The sidebar comprises three major components.

  • The command buttons provide access to the main features, such as voice recording and video generation, of the Add-On.

  • The estimated duration shows the estimated length of the video to be generated. Be careful that it is a rough estimation.

  • The slide list shows the list of slide titles, indications of recorded voices and embedded resources, and each slide's estimated corresponding video durations.

Speech Synthesis

Click on the ear-mark icon on the sidebar to synthesize the speech from speaker notes.

  • The speech synthesis uses Google Cloud Text-to-Speech in the background. You need to supply an API key for that access. (See Tutorial #3.)

  • After the synthesis complete, the slide list updates, and the ear-mark icon appears.

  • The synthesized speech voice overwrite the recorded voice. If you want to keep the recorded voice while testing the speech synthesis, select the text in the speaker notes and then synthesize. The speech synthesis for the selected text is handled as just a tentative synthesis.

  • You can configure the synthesis parameters, such as the voice, pitch, and speed, at the "Speech Synthesis" tab on the "Settings" form.

  • Google Cloud Text-to-Speech denies too long texts. Although the limit is 5,000 characters, it is not the length of the text you typed in the speaker notes. The Add-On adds many special sequences (such as silence) to the text before sending it to Google Cloud Text-to-Speech. A rule of thumb is to keep your typed text's length less than 2,500 characters.

  • Avoid using special characters such as < or > within the text. More precisely, the text is treated as a portion of SSML code. Therefore, you can embed SSML elements such as <break time="200ms" />, but it is illegal to write <broken</>tag> within the text.

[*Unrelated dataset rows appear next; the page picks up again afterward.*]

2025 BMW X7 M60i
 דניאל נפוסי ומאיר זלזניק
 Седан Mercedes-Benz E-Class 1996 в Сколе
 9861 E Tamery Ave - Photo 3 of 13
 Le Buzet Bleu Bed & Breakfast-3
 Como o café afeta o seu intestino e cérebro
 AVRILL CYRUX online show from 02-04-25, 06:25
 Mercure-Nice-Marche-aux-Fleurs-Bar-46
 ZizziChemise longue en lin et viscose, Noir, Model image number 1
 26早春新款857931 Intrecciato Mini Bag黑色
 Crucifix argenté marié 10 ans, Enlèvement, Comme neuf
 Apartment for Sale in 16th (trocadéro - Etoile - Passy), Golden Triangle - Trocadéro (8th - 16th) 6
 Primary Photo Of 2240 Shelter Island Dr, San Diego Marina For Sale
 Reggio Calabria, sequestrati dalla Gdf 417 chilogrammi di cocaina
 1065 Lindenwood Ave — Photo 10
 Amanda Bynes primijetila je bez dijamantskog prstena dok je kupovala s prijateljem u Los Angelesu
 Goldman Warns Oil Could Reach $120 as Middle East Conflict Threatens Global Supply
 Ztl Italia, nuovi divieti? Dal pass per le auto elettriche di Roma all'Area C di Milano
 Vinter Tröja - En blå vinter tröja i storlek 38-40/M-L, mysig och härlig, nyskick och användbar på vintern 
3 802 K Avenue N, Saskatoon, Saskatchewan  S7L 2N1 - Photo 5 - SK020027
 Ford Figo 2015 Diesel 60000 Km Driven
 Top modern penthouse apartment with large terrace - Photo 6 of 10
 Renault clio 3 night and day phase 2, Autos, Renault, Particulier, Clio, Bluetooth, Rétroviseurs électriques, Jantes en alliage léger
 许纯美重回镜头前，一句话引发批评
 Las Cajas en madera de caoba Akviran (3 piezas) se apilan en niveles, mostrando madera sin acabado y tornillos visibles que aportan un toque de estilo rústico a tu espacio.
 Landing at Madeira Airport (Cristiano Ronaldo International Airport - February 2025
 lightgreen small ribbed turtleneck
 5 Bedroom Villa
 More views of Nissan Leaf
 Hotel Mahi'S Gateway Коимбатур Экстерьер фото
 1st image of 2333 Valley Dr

  • During the synthesis, the Add-On accepts the special notation for text replacements. For example, if you want the phrase "USA" to be pronounced as "United States", write it as "[US|United States]". The Add-On will replace this bracketed phrase with "United States" before the synthesis.

Voice Recording

Click on the microphone icon on the sidebar to record your voice.

  • Before starting the recording, it counts down for three. During this counting down, you can stop the recording by clicking on the count. (See Tutorial #2.)

  • After the recording complete, the slide list updates, and the microphone icon appears.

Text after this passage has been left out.